Located in the Central Black Sea Region, Amasya is one of the first settlements in Anatolia. The climate of the region is a mixture of the Black Sea and Continental climate. The region is not so hot and dry in summer but receives little rainfall in winter.
Amasya is of great importance to Ottoman history as it had been the birthplace of many Sehzades (Sultans’ sons) where they received also their education
It is known that the first settlement occurred in 5500 BC and that the region came under the domination of the Hittite, Phrygian, Lydian, Roman, Byzantine and Ottoman civilizations.
Well-known for its cultural diversity, Amasya province is rich in historically significant monuments and artifacts amidst a lush green and generous landscape.

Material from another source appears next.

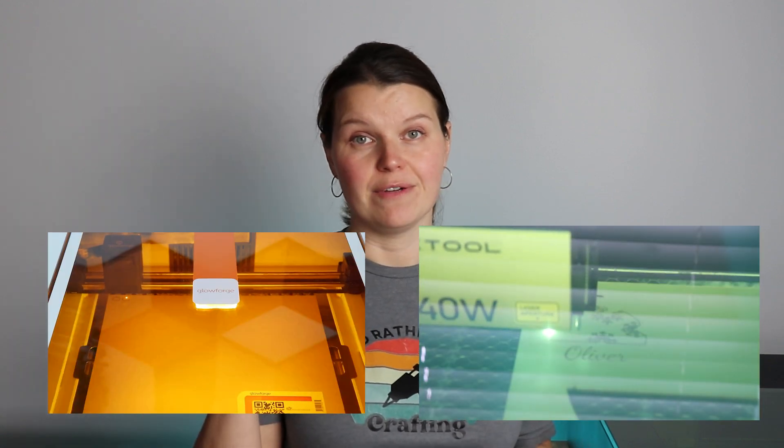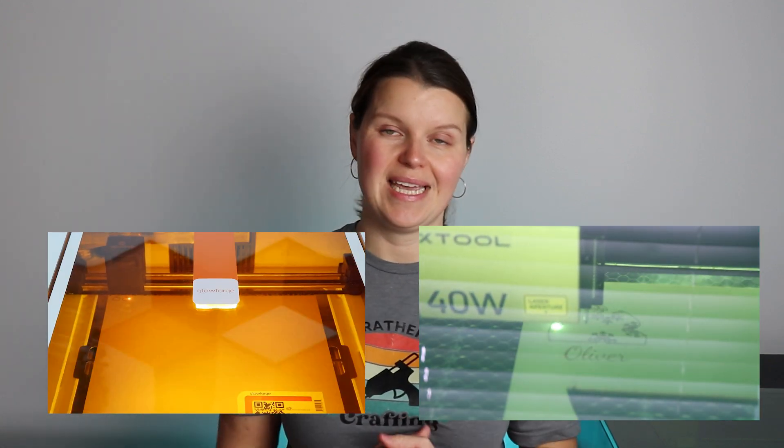Diode lasers you can get for your home right now range from about 5 watts to 50 watts. Some of the 5 to 10 watt models come in open-style lasers, but as they get more powerful, you'll definitely want an enclosure. The more powerful the laser, the more efficient and fast your projects will be completed. For example, cutting the same piece of wood on a 5-watt versus a 40-watt laser — the 40-watt will get it done in seconds, while the 5-watt will take a little bit longer.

The King rock tombs of the Pontic Empire before the Common Era are among the most important ancient monuments of the region. Carved into limestone rocks on the slopes of Mount Harsena, these tombs mark the city skyline a Hellenistic flair.
Made during the Early Roman period and mentioned in the legend of Ferhat and Shirin, the Ferhat Water Channel was built into carved rocks to provide the region with water supply. Positioned parallel to the present day highway the channel is about 6 km in length.
Amasya Castle is another attraction that is situated on the steep slopes of Mount Harsena. Offering a unique view of Amasya, the castle bears the ruins of the Girls Palace in the southern section and borders the Tombs of the Kings on the other side.